Swinging Holidays to all!
(for some reason I feel like that came right outta Vegas)

Well, it looks like there won't be a party happening at my house this year. But if anyone still wants to find their way here [either for New Year's or otherwise] let me know ... I may be able to work something out.

Wednesday, December 15, 2004

Yep that's right. The Hoot Hoots played in Clifton after I got back from Scotland. We got second place at this "Battle" thingy or whatever but what is awesome is that everybody basically said we should have one, even two out of the three judges! Plus (oh this is great) the guy who wrote the newspaper article about this wrote, "Alas, the judges didn't agree with this reporter about who the winners should be. (Even qualified judges can make a mistake)" and this was accompanied with a big ole picture of me next to the article and no picture whatsoever of the winning band! Ha fucking Ha! Oh but the band that "beat" us, holy shit where they annoying. The music they played was okay, but we were all hoping their singer would just fall off the stage and die. He did this crybaby emo shit with his voice (he actually pretended like he was crying). Apparently that band is not too happy with us right now (probably because my little brother posted his opinion of their singer on his xanga site and because of the newspaper article). This is so laughable, feuding podunk Kankakee bands. We played 3 of my own songs at this show and played In An Aeroplane Over the Sea by NMH and Disco: The secretaries blues by beulah. So it was a whole lot of fun. I've completed two more songs for this band and I'm working on at least 5 more, plus a few acoustic ones. By the way this has completely distracted me from grad school stuff yikes! It's so silly that I don't write like this all the time....
So I hear there's a New Years party at Rachel's? I'll have to think about that...
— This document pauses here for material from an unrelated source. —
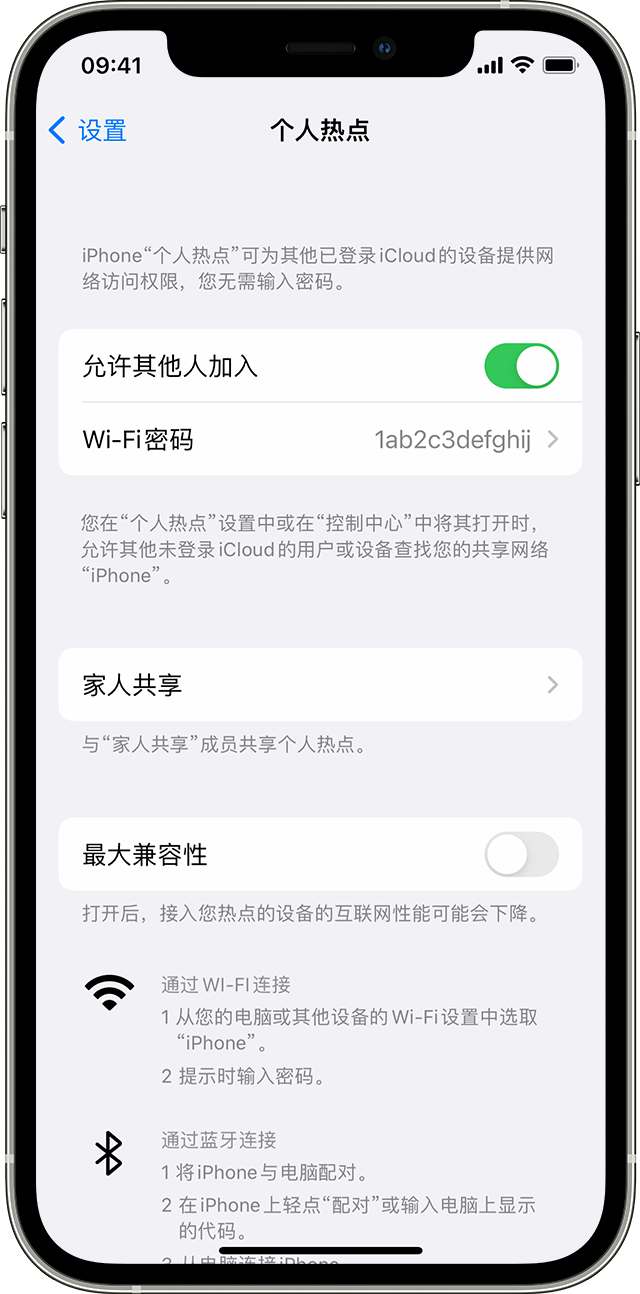 晋州苹果14维修分享iPhone 14 机型无法开启或使用“个人热点”怎么办 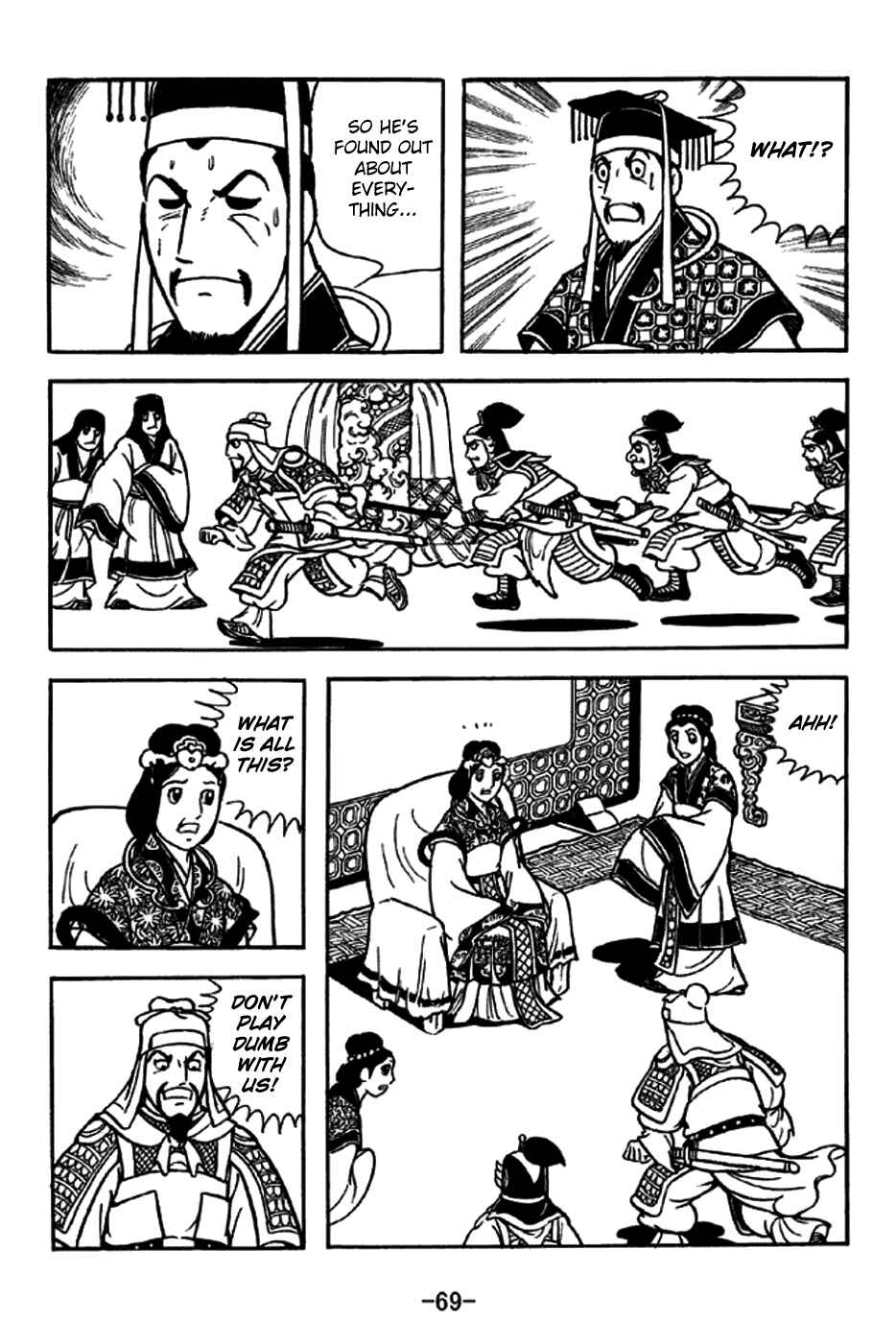 Page 24 Chapter 227 Sangokushi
Tuesday, December 14, 2004

Well folks, we have a couple of hometown celebrities in the P-house, namely Adam and myself. Ol' Adam got hmself in the paper by playing in his band at Clifton, the Hoot Hoots. My Mom gave you quite a compliment when she saw the picture, Adam, she said you looked like John Lenon. I got myself in the paper by running in the Jingle Bell Run, a 5K for arthritis charity. I was running next to a Mac kid and a guy dressed in a Santa Claus suit. Now some of you might think it's nice having your picture on the front page. Not so with me because I am photgraphed running behind a character who is supposed to be fat i.e. slow. Now I am the laughing stock of the running community! Plus, my Mom and Dad have been on and on about, "How come you couldn't beat Santa, How come you couldn't beat Santa!" Yeesh! Hehe, seriously though, folks. The race was fun and that Santa guy was fast, he finished in the top five. I hope everyone is enjoying their break and I wish you a Swinging Holiday! Yeah that's right I said a Swinging Holiday! In case you haven't heard the PC thugs are at it again. They are trying to secularize Christmas songs by editing any reference to Christ. They changed the song "We wish you a Merry Christmas" to "We Wish you a Swinging Holiday." I swear if I ever meet one of these communist pukes who wants to censor Christmas in public I'm going to knock them out, put them in a box, and mail them to Ireland with a sign stapled to their rear saying "the Pope is a moron and God save the Queen." Then when they get their ass thoroughly beaten in a state where there is a REAL establishement of religion they will be able to come back and not read the Constitution in such an asinine way. Merry CHRISTmas!